Much of the American public is unaware of what’s going on, “and sadly there’s a bipartisan national security state dedicated to making sure we don’t find out,” said Greenwald. “If you’re losing your house or you don’t have a job or you’re trying to get your kid through school, the global challenges are generally the ones you don’t feel equipped to take on.... That’s one of the pleasures and joys of this work, to get up every day and work on telling these stories.”
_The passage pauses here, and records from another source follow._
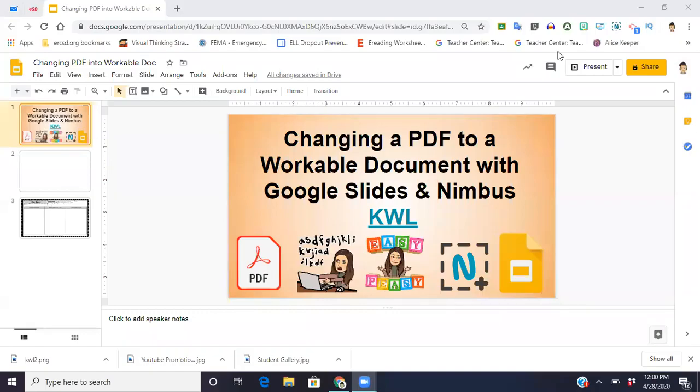Hey guys, it's Lisa here again. Today I'm going to be showing you how to change your PDF files that you have into workable documents with Google Slides and Nimbus.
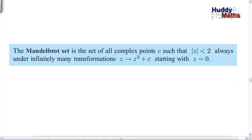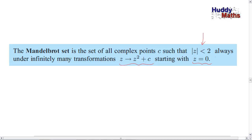Here's a key definition — I'd suggest you rewind and write this down: the Mandelbrot set is a set of all complex points c such that the size of z remains less than 2 always, under infinitely many transformations z → z² + c, starting with z = 0. You're playing with different c values, creating z's that lie in the Mandelbrot set as long as, when you keep going, the size of that complex number is less than 2.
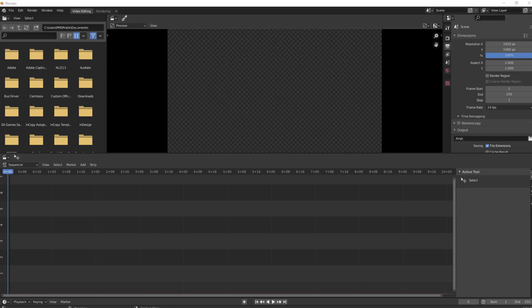We're going to learn all about these in the tutorial series for Blender. This has been the interface tour for the Blender software.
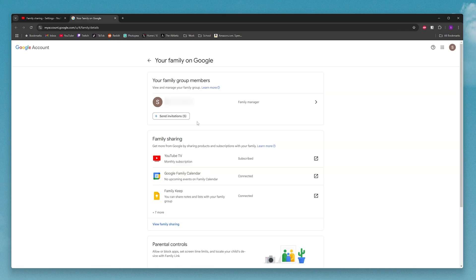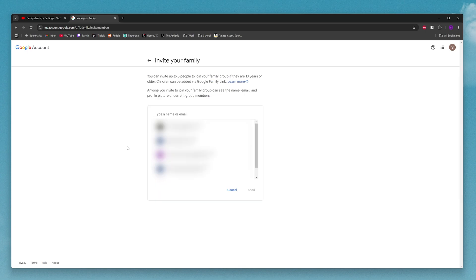And what you want to do is under your family group members, click on send invitations. Next here, you're going to see a list of Gmails for people that you know. So you can go ahead and click on one of these people to invite them,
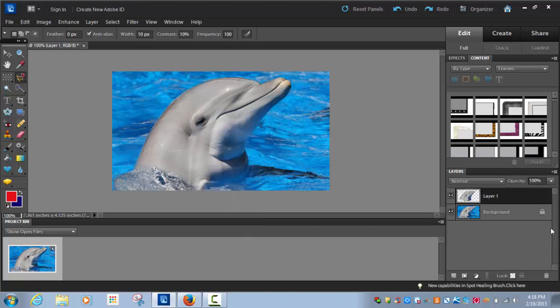What that does here is it takes the original picture and it takes the lassoed picture and makes it another layer.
Brave New Films is a muckraking voice in a digital age of nano-second consumption. The company produces videos and graphics, time-releasing them on the Internet while also stitching them into full-length documentaries. This guerrilla style is aimed at creating buzz in progressive circles that at times ripples into the mainstream. The trick, said Greenwald, is staying ahead of the political curve to influence national discourse over anxieties as varied as healthcare,Wall Street and prisons for profit.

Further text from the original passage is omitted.